• **Work to complete**: Up to and including the line that contains "So tell us about", repeat the entries below exactly from the first line on. Do not carry over any pictures.

═══ Given data ═══

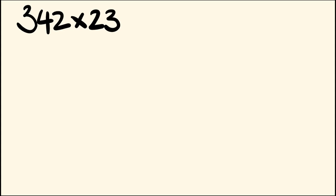G'day, welcome to the Tech Math channel, I'm Josh. Today I am going to show you the easiest way of multiplying any two numbers together. It is going to have you looking at it thinking, why do they not teach this in schools? It is that easy. So let's have a look at this example right here.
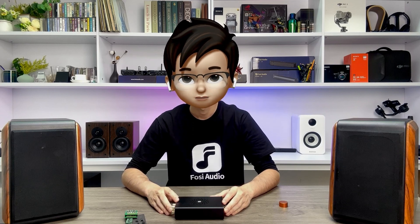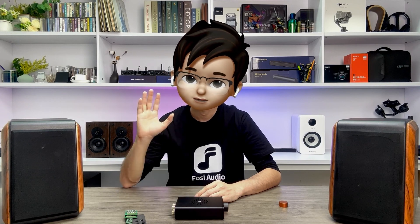That wraps up our in-depth look at the V3 Mini Amplifier for today. If you're interested in this product or want to know more about its features and how to use it, feel free to drop us a comment below or send us a private message — we'll be more than happy to answer your questions. Thanks for tuning in, and please remember to hit the like button and subscribe to our channel. We've got a few more interesting new products coming up in the next several months, and we'll be sharing instructive and demonstration videos with you then. Please stay tuned.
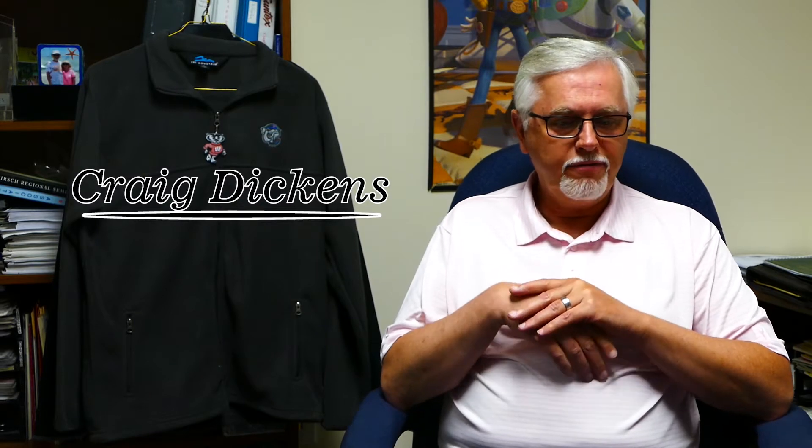Good morning again from Suntex. This is Craig Talk, episode two, and today we're going to focus on USA-made products, and we're getting a lot of requests for those. It's becoming even more popular, and we're fortunate — we're here in North Carolina in textile country, and we're able to make a lot of products in the USA.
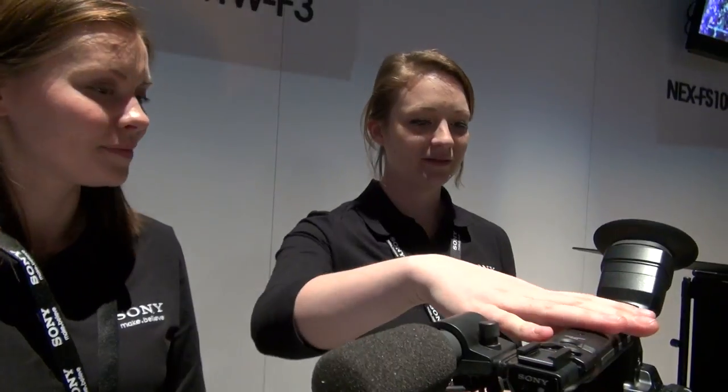So tell us about these cameras. Why are they so uniquely different and how do I get one to take home today? Well, you'd have to talk to one of our sales representatives. This is the F3. So this is a Super 35 Cine Sensor, and it is in the same line as the FS100, FS700, and the F65, the F35. It's an HD camera — 1920 by 1080.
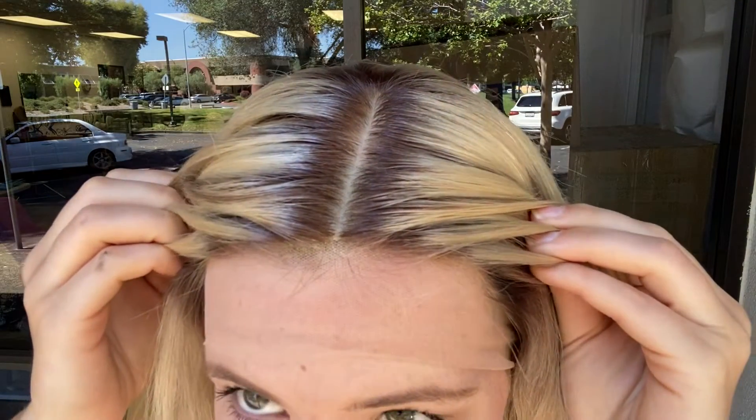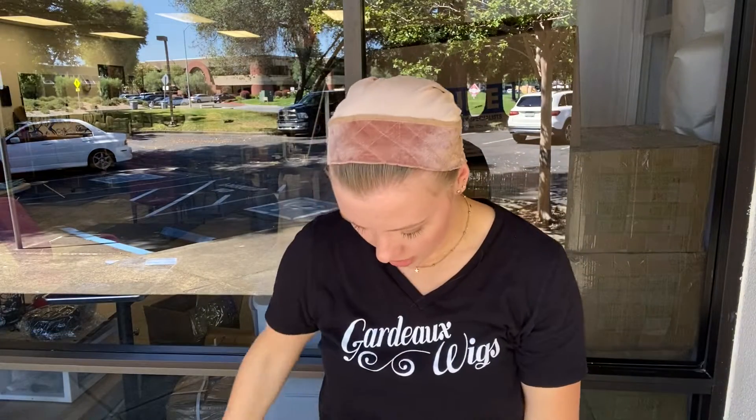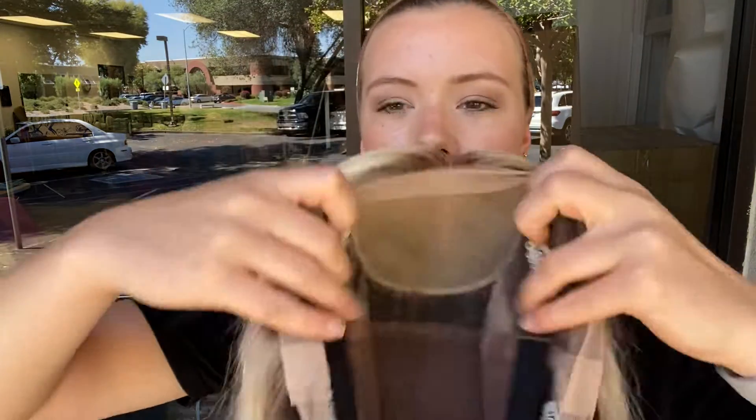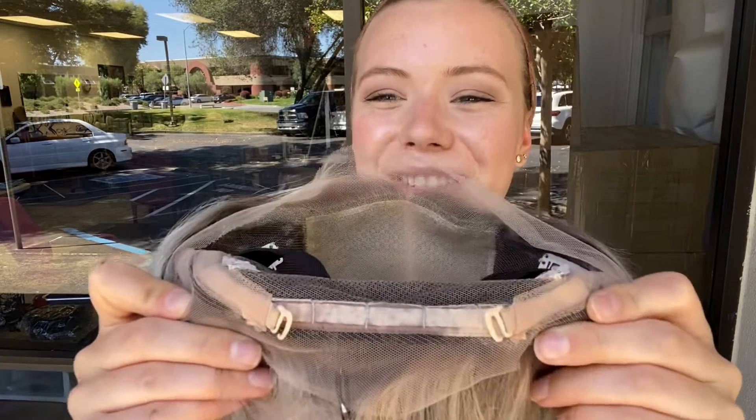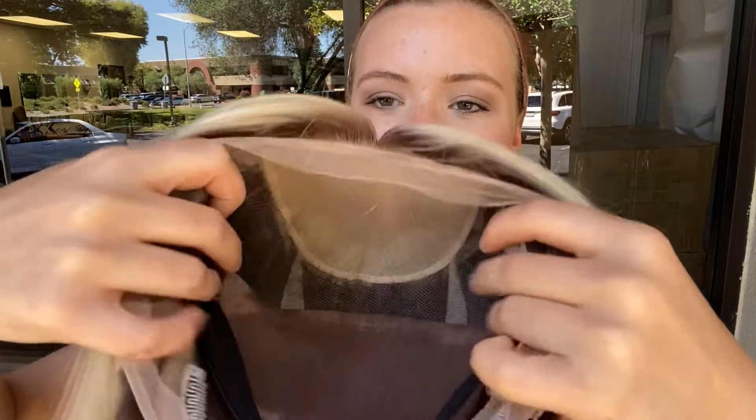She's got a silk top and lace front and I'll show you inside the cap. This is 100% human hair. It's got clips at the temples and nape, and there's also adjustable straps at the nape, an elastic band, and I'll give you another look at the hairline.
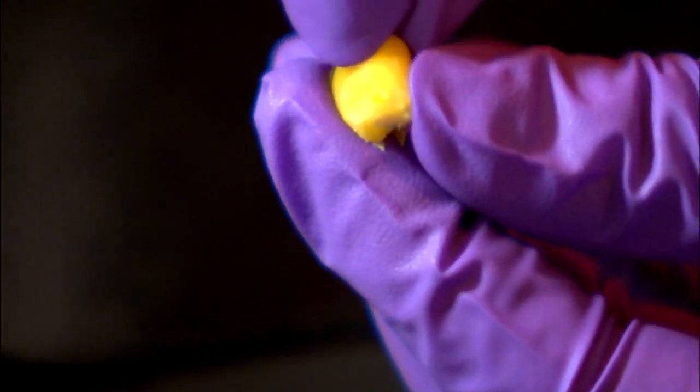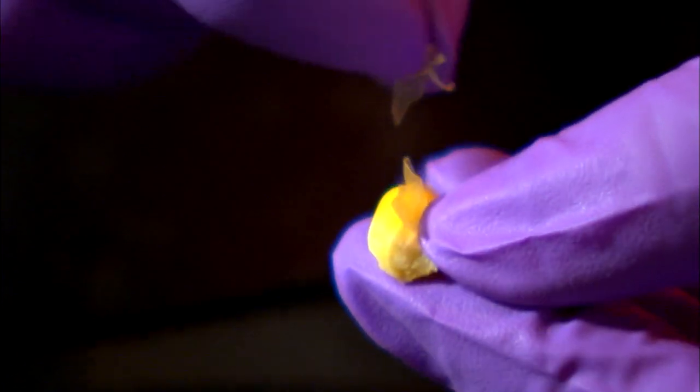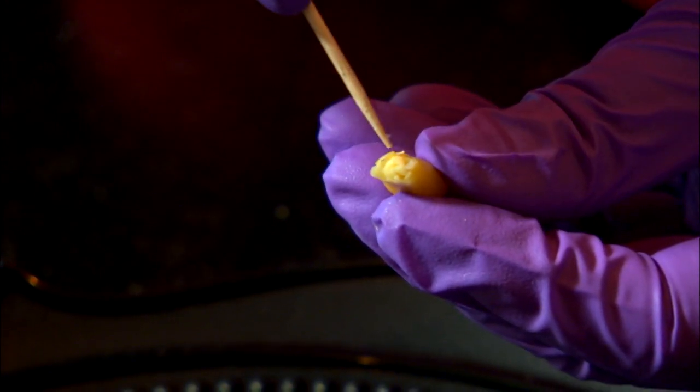As you pull it off, you'll notice the thin seed coat, or pericarp. Peel off as much as you can, observing how it covers the entire seed. The lighter colored triangle is where the embryo is located. Let's isolate this using a fingernail.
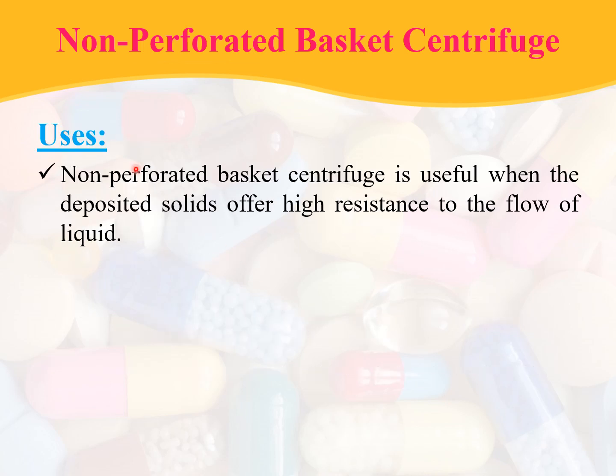The non-perforated basket centrifuge is useful when deposited solids offer high resistance to the flow of liquid. In those cases, this type of centrifuge is used.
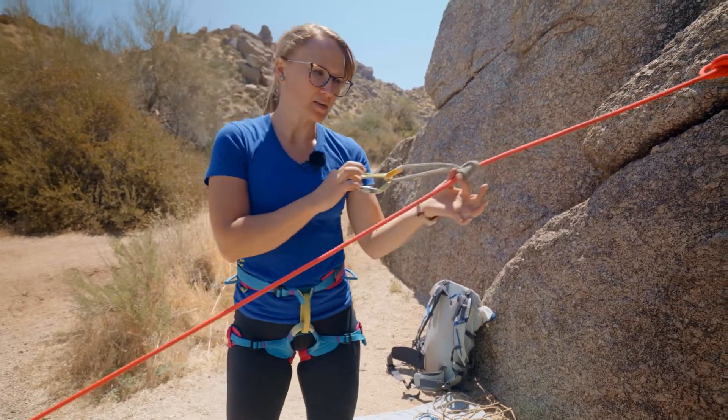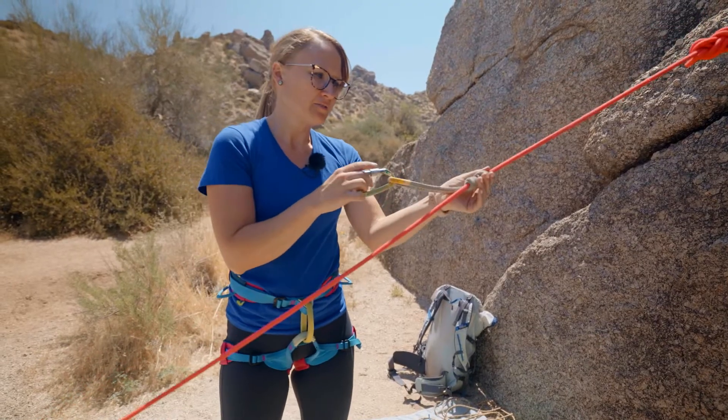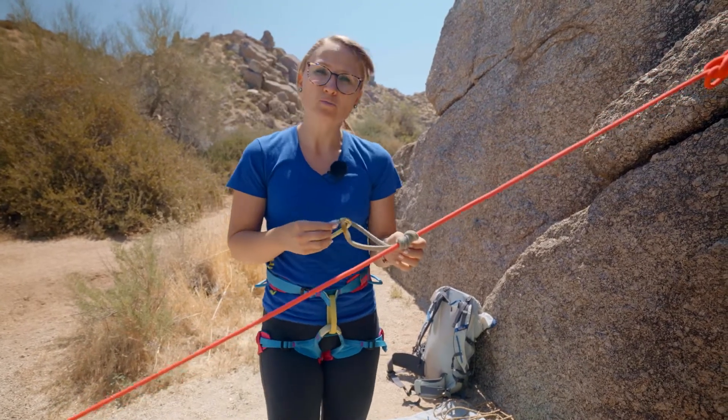You can slide it up and test it. If it doesn't hold then you can add more wraps.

═══

• **The answer**:
G'day, welcome to the Tech Math channel, I'm Josh. Today I am going to show you the easiest way of multiplying any two numbers together. It is going to have you looking at it thinking, why do they not teach this in schools? It is that easy. So let's have a look at this example right here.
That wraps up our in-depth look at the V3 Mini Amplifier for today. If you're interested in this product or want to know more about its features and how to use it, feel free to drop us a comment below or send us a private message — we'll be more than happy to answer your questions. Thanks for tuning in, and please remember to hit the like button and subscribe to our channel. We've got a few more interesting new products coming up in the next several months, and we'll be sharing instructive and demonstration videos with you then. Please stay tuned.
Good morning again from Suntex. This is Craig Talk, episode two, and today we're going to focus on USA-made products, and we're getting a lot of requests for those. It's becoming even more popular, and we're fortunate — we're here in North Carolina in textile country, and we're able to make a lot of products in the USA.
So tell us about these cameras. Why are they so uniquely different and how do I get one to take home today? Well, you'd have to talk to one of our sales representatives. This is the F3. So this is a Super 35 Cine Sensor, and it is in the same line as the FS100, FS700, and the F65, the F35. It's an HD camera — 1920 by 1080.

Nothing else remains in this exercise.